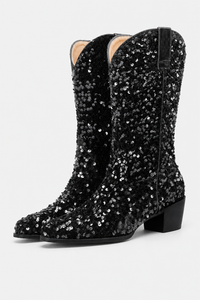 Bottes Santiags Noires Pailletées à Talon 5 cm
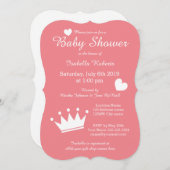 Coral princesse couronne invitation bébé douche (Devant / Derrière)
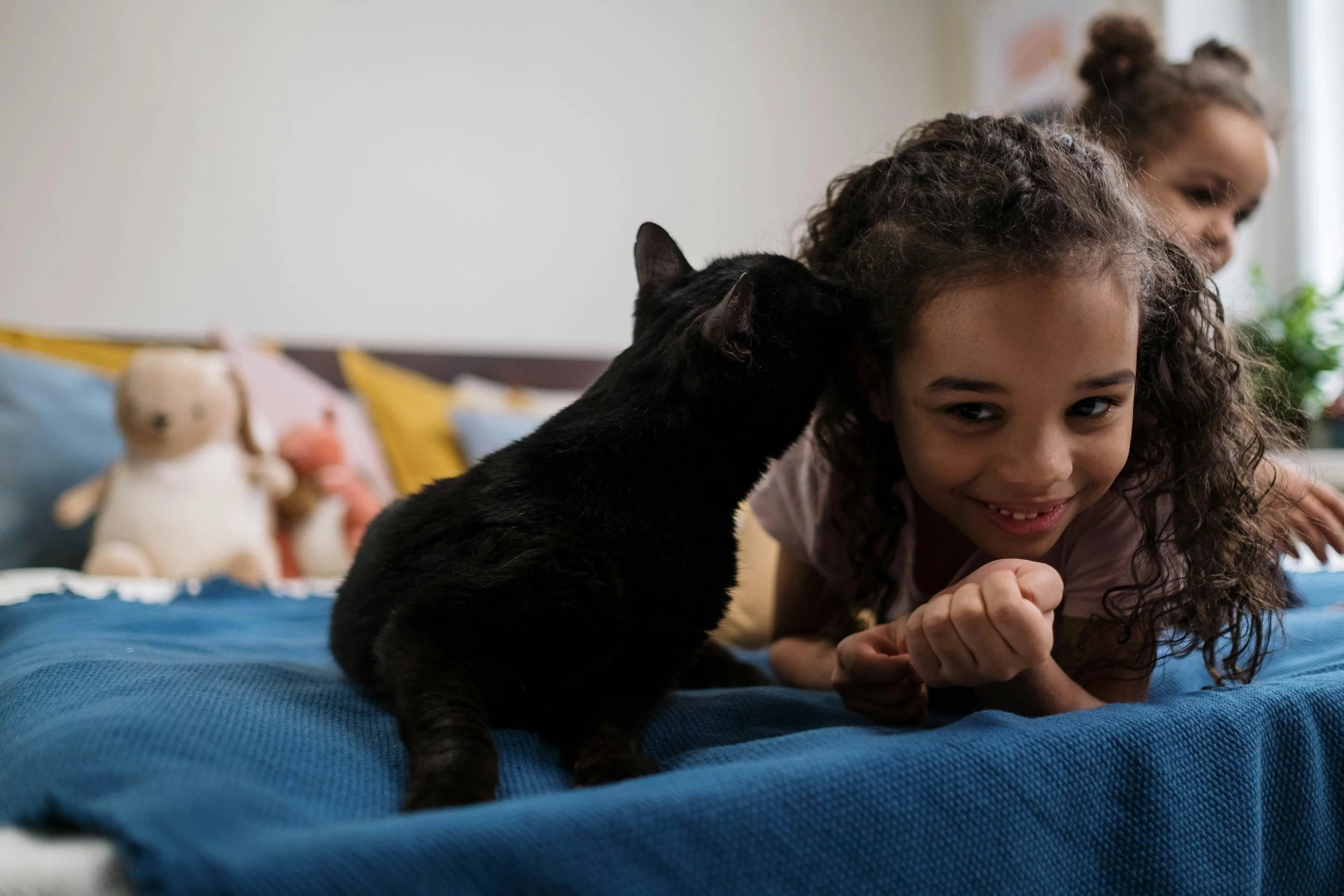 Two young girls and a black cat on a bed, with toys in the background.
------------------------------------------------
### Task objective
Please transcribe exactly the lines from the one containing "Coral princesse couronne" through the final line of the data, including both, and nothing else. Pictures are to be left out.

### Result
 Coral princesse couronne invitation bébé douche (Devant / Derrière)
 Two young girls and a black cat on a bed, with toys in the background.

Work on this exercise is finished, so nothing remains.